Your wholesome, Sunday-night ritual of watching your favorite family-friendly television shows with your loved ones may soon be disturbed by the sight of ghastly advertisements for marijuana products. Or so say the opponents of California's ballot measure to legalize recreational marijuana.

U.S. Sen. Dianne Feinstein, who opposes Proposition 64, the state's legalization initiative, said recently that, if passed, the law would allow “marijuana smoking ads in primetime, on programs with millions of children and teenage viewers.”

Now, it's true that there is language in the initiative, also known as the Adult Use of Marijuana Act, that would allow TV advertising aimed at those 21 and older. But marketing to those below that age would be prohibited, and the Yes on 64 campaign explained to us that the guidelines for TV ads would still basically prohibit them from running before 10 p.m. But even that doesn't necessarily matter, since federal laws still make it illegal to advertise outlaw drugs, and any broadcaster that does it would risk losing its license.

The Yes on 64 campaign is suing its opponents for making what they say are misleading claims in ballot statements against the initiative. The initiative's opponents wrote in their official ballot arguments that Proposition 64 would “[legalize] marijuana ads airing to millions of children and teen viewers,” therefore exposing the young viewers “to ads promoting marijuana gummy candy and brownies.”

“The marijuana industry wants to turn back the clock to the 1970s and put smoking commercials back on TV after a 40-year ban,” said Jeffrey Zinsmeister, executive vice president of nonprofit Smart Approaches to Marijuana's political arm, SAM Action, which opposes 64. “They'll also be able to advertise pot candies and brownies on primetime shows with millions of children and teenage viewers.”

This isn't true, 64's backer's say. In fact, PolitiFact recently fact-checked Feinstein's statement and concluded it was “mostly false.”

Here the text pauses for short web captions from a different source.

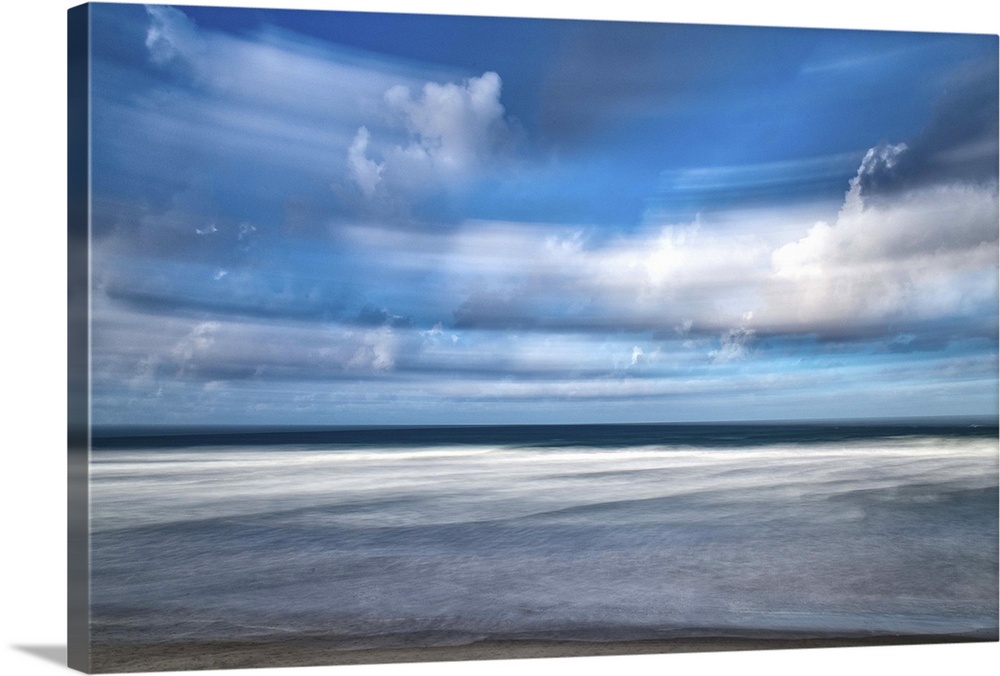 Photograph of storm clouds at beach blurred with long exposure.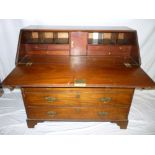 An early 19th century mahogany bureau with numerous drawers , pigeon holes and a cupboard enclosed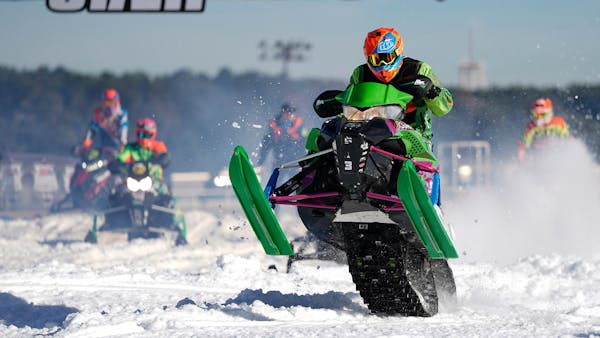 Slo-mo action of Snocross National racers battling it out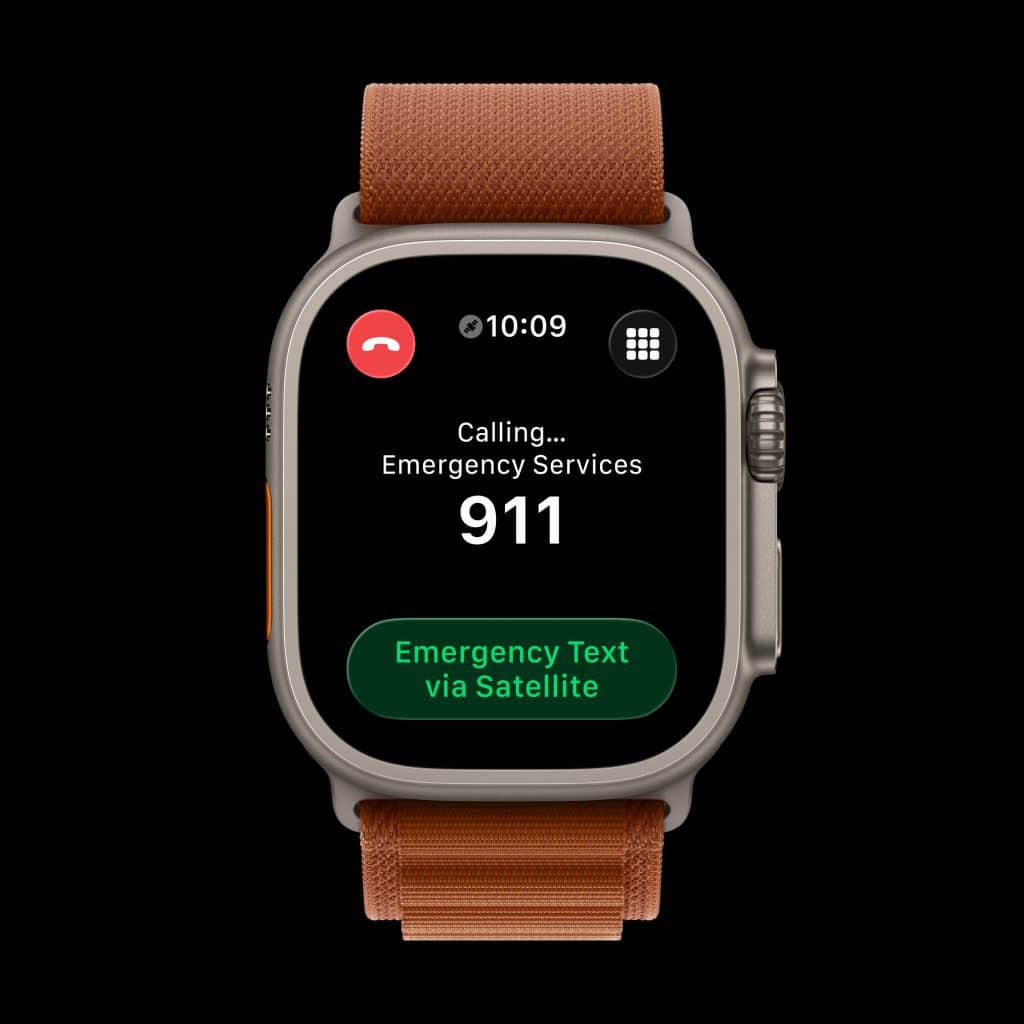A smartwatch screen displays an emergency call to 911 with the text "Calling... Emergency Services" and a green button labeled "Emergency Text via Satellite." The time is 10:09 and the watch has an orange band.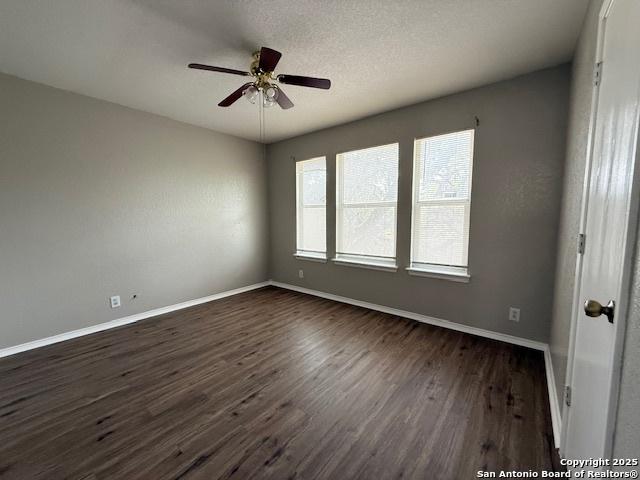 empty room featuring baseboards, ceiling fan, and dark wood-type flooring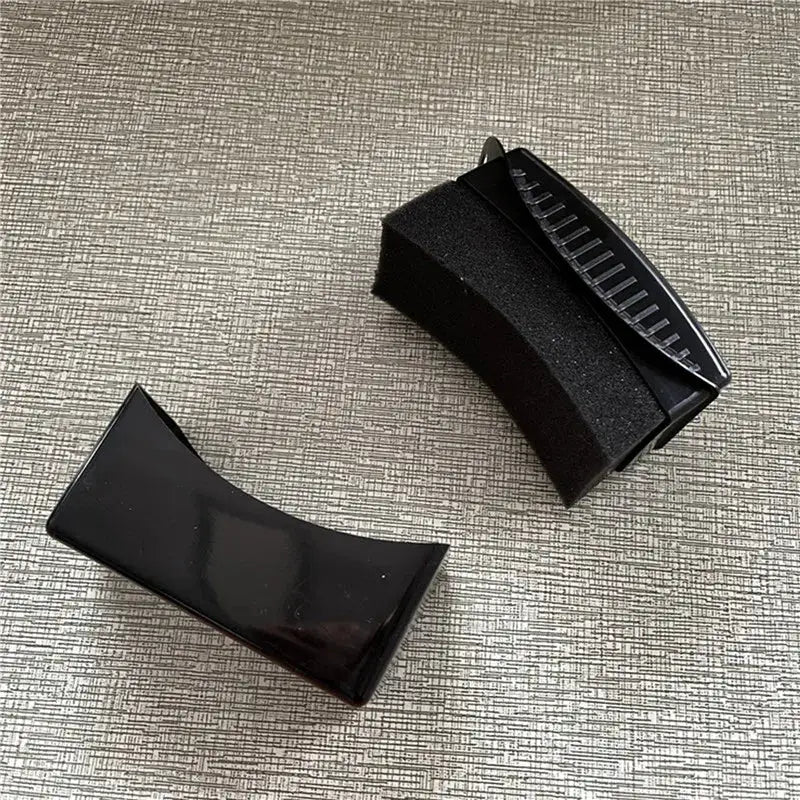 Car wheel detailing kit by Simples Market; black ABS plastic contoured applicator with foam sponge pad (2 pieces).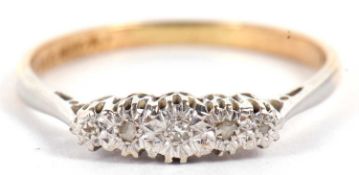 An 18ct and platinum diamond ring, the round graduated diamonds, illusion set to a plain band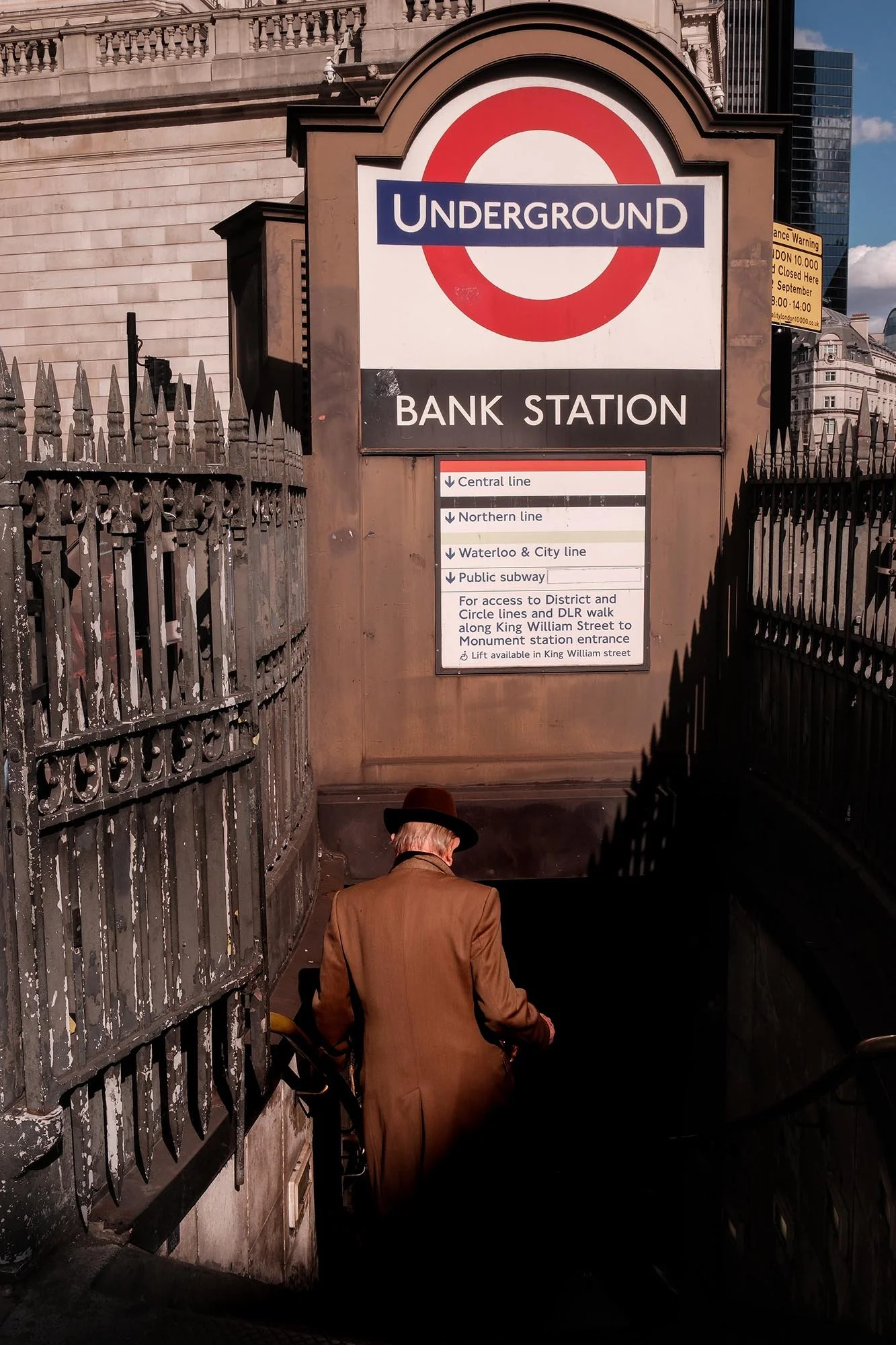 Man walking down the stairs at Bank Underground station in London street photography scene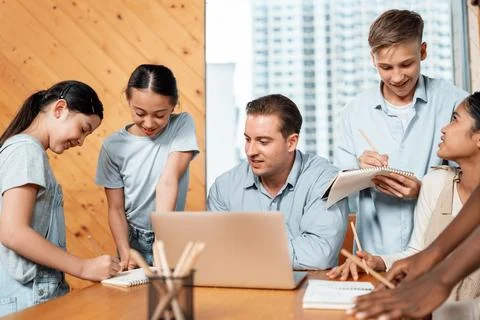Students stand and separate to two group for taking note together. Edification. 스톡 사진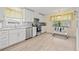 Updated kitchen with white cabinetry, stainless steel appliances, and sunny window at 1319 Leland Dr # 101, Sun City Center, FL 33573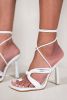 REMI HIGH HEELS WITH KNOTTED STRAP AND LEG TIE IN WHITE FAUX LEATHER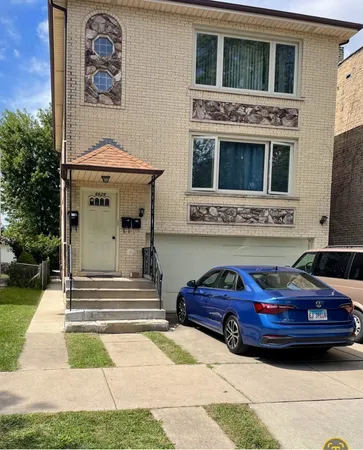 a front view of a house with parking space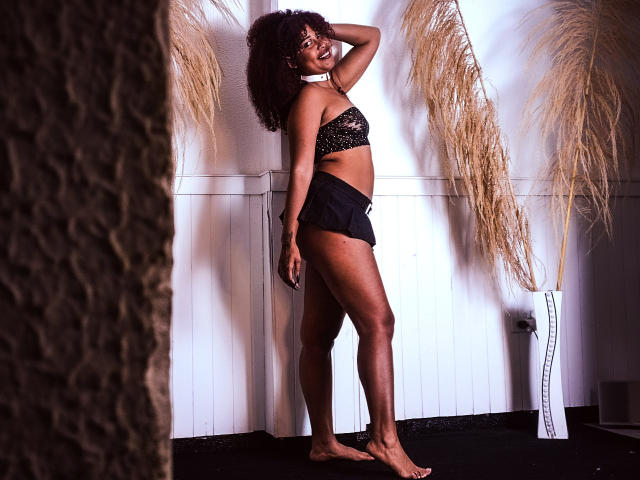 DalilaHeinz with curly hair, wearing a black sparkly bra and black shorts, standing barefoot, hand in hair, looking confident, tall and toned, with a sexy, curvy ass.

And the measure also prohibits the production of “marijuana gummy candy and brownies that could be easily confused with non-marijuana-containing foods,” according to a campaign statement.

“It's a sign of the times that the opponents have abandoned any attempt to argue against marijuana legalization as a general concept and instead are relying on small-ball scare tactics like primetime TV advertising, which has now been repudiated by the respected fact-checkers at PolitiFact,” campaign spokesman Jason Kinney told us. “Opponents of Proposition 64 are on the wrong side of the facts, the wrong side of public opinion and the wrong side of history — and they know it.”